Eso me recuerda la fiesta que hoy hemos celebrado: Nuestro Padre San Francisco de Asís. Los dominicos lo reconocemos de ese modo y también es para nosotros una fiesta importante. Cuenta la leyenda que Francisco y Domingo, que fueron contemporáneos, se encontraron en una ocasión por esos caminos de Dios y que, de inmediato, se reconocieron mutuamente y se abrazaron.
Parece que, históricamente, ese encuentro no tiene mucha consistencia, pero, de cualquier forma, ese abrazo sí que tuvo lugar en cuanto a sus vidas y sus obras. Los dos fueron hombres sencillos; atentos a lo que pasaba entonces en el mundo y se dejaron tocar por esa realidad; supieron escuchar la voz de Dios y se atrevieron a seguirla por encima de todo… dos hombres pobres, mendicantes, itinerantes y felices que, así, cambiaron para siempre la historia de nuestra Iglesia. Personas normales que, sencillamente, aprendieron a ser sencillos.
Hoy, no está de moda eso de la sencillez, todo lo contrario, “antes muerta que sencilla”… seguramente sea porque, como en tantas cosas, en general tenemos una idea muy equivocada de la sencillez.
Y así nos va, por no buscar la sencillez acabamos siendo gente complicada, con vidas complicadas y que todo lo hacen complicado; cuando la sencillez debe ser el prescindir de tanta carga superflua, despojarnos de todo lo que arrastramos por la existencia y que, en realidad, no es importante ni decisivo, liberarnos de todo eso para quedarnos, volcarnos y disfrutar por completo, de lo que sí es fundamental en la vida.

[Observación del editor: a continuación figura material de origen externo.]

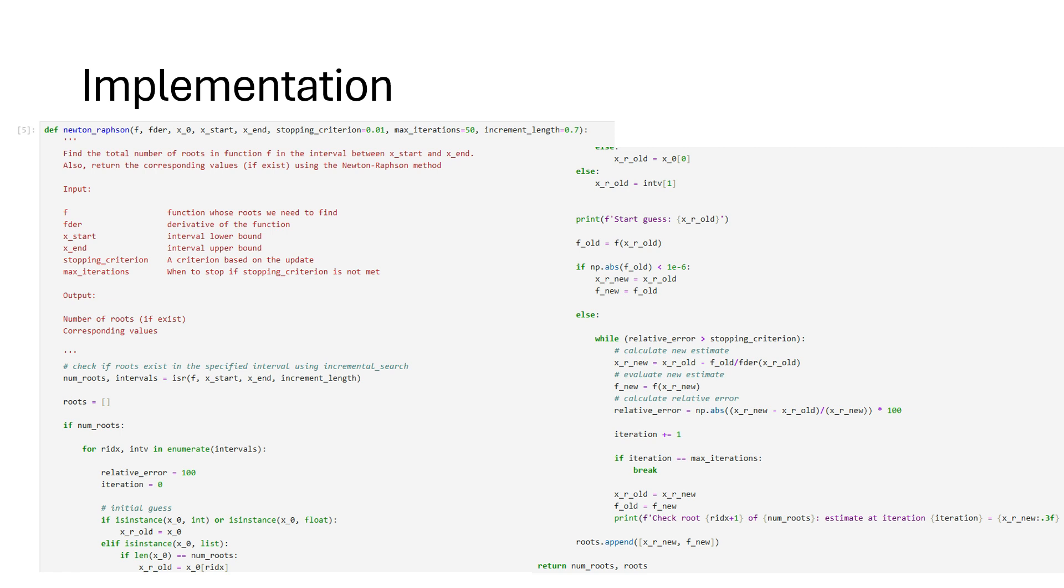The Newton-Raphson function requires the original function, its derivative, start and end of the evaluation interval, stopping criterion, and the maximum number of iterations as arguments.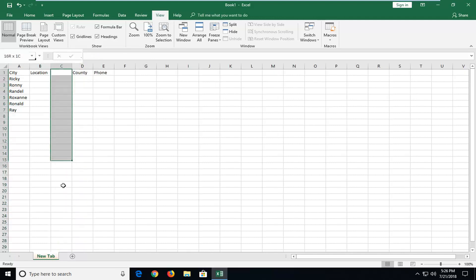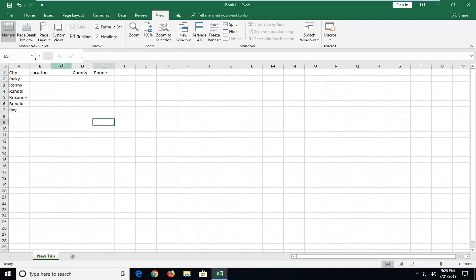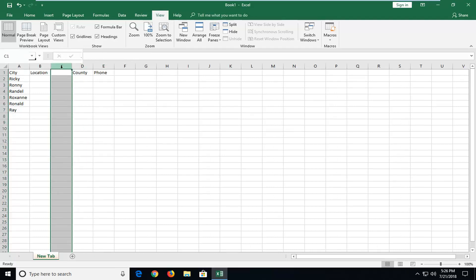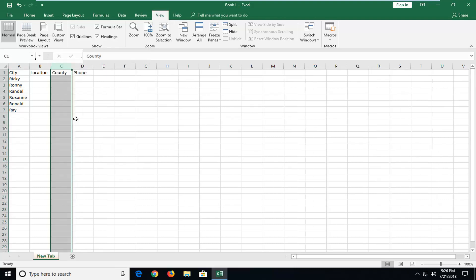And there you go guys, we see we have a new column in here. And how to delete a column is very simple. Just right click on the column letter up at the top and then left click on delete. Very simple.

En definitiva, aprendemos a ser sencillos cuando desenmascaramos todas las falsas seguridades, las necesidades de mentira que nos vamos creando con los años; cuando asimilamos, de verdad, que sólo es preciso el amor y descubrimos la fuente inagotable de la que fluye.
Una vez libres y felices, todo lo demás adquiere su auténtico valor… nos damos cuenta de lo poco que valen lo que creíamos que eran joyas de las que nunca desprendernos, y de la fortuna que hay escondida en cada hermano o hermana, del tesoro que es vivir sólo en el amor de Dios.